Tuesday, May 24, 2011

The UnRealist

AP--May 22, 2011. Zinc Bar. Warm day, overcast. A rustic gate, bolt locked, barring a set of steps descending into the reddish-grayish maw of Zinc. This gate, the sort we imagine of old lift elevators, opened at 5pm behind the lethargic efforts of an older Indian gentleman. He asked that I return in a half hour.

I circled the block for 24 minutes and returned a bit early to a bar quietly, but pleasantly, populated. A new curator is in town. He announced himself fingering a glass of whiskey with a serious expression, but an ever-friendly attitude. Long black hair, neatly pulled back. Jeans with the cuffs turned up. A sort of Milesian cool. David Jou, for his first crack at the Zinc Bar reading series, had asked the poets Paul Legault, Kendra Grant Malone and the mysterious Jon Leon. A wonderfully intriguing roster.

Kendra and Paul, it goes without saying, were wonderful readers. Kendra's voice moves with thread-bare intensity behind a poetry of grotesque charm. She read some from her first collection Everything is Quiet and some new poems from her forth-coming collection Morocco. Paul read an effervescent mix of poetry and (after being coaxed into an encore performance) Virginia Woolf prose that was precise and incredible. (Some of his work can be heard playing in the Bronx Botanical Garden--apparently a favorite of Michelle Obama)

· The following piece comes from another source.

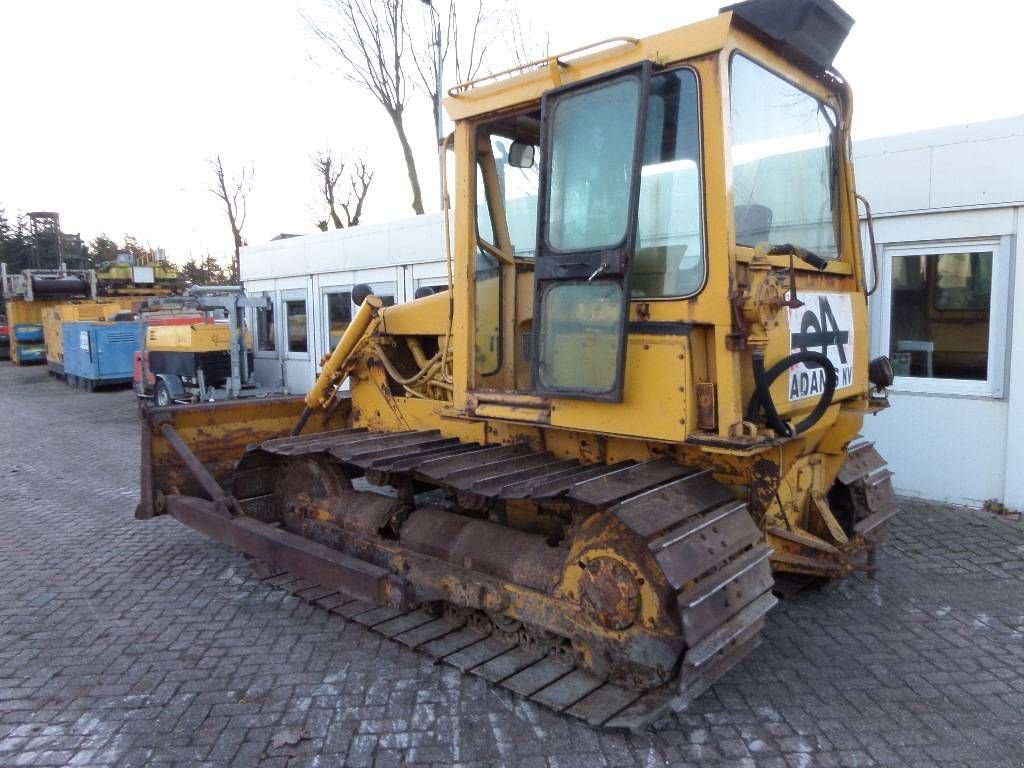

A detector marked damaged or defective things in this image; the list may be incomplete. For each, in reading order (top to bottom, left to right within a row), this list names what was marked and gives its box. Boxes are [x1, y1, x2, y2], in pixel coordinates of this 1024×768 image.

rusty track [214, 432, 784, 732]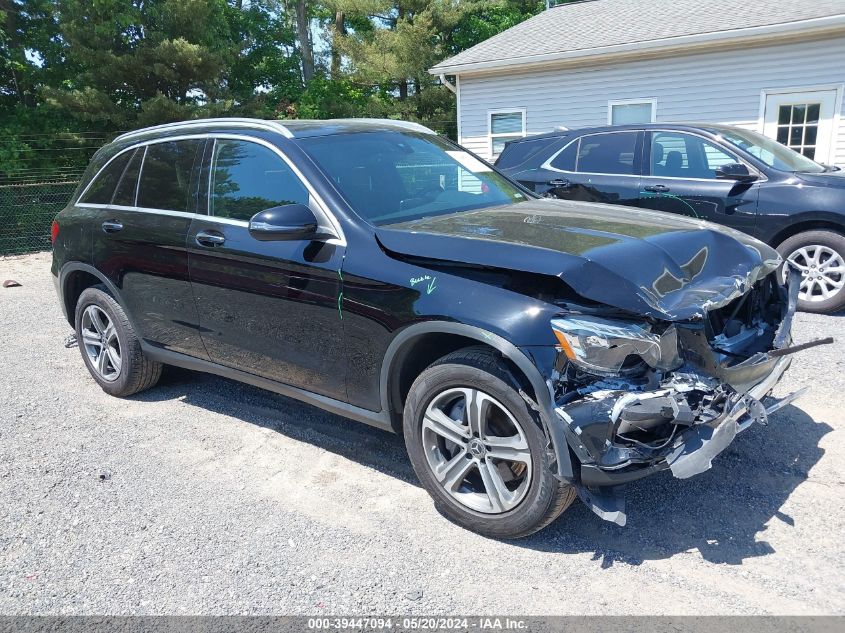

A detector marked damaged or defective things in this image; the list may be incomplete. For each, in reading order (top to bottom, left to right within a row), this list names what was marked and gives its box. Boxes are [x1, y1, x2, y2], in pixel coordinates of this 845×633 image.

But Jon Leon. Who is Jon Leon? The Man--The Poet. Remains something of an enigma. He read from a previously published story, Hit Wave, which was written from the depths of a penitentiary in Georgia (The Poet was considered a threat on an outbound flight). Penitent? Maybe. Maybe not. Committed as he was to reading the full story (1982), Jon was on stage practicing an elegant theater of cruelty in balenciaga, dior and levi's for an hour and twelve minutes. 1982--A salacious tale of power and decadence as could only be told by this mysterious agioteur. He was accompanied by another mysterious poet, clad from head to toe in Silver Fox pelts, who refused to share her name. Instead, she spoke only the three words, Worn Out Joy repeatedly in an infrasonic croon. Her name, I later found out: L. Rodriguez.

Following the reading, the gentleman poet was escorted from the premises by an entourage of no less than 14 people. Standing outside it was difficult to manage a word with the poet. But we were able to snap photos of his limited print copy of Hit Wave, compiling a bootleg simulacra of his work for the archives.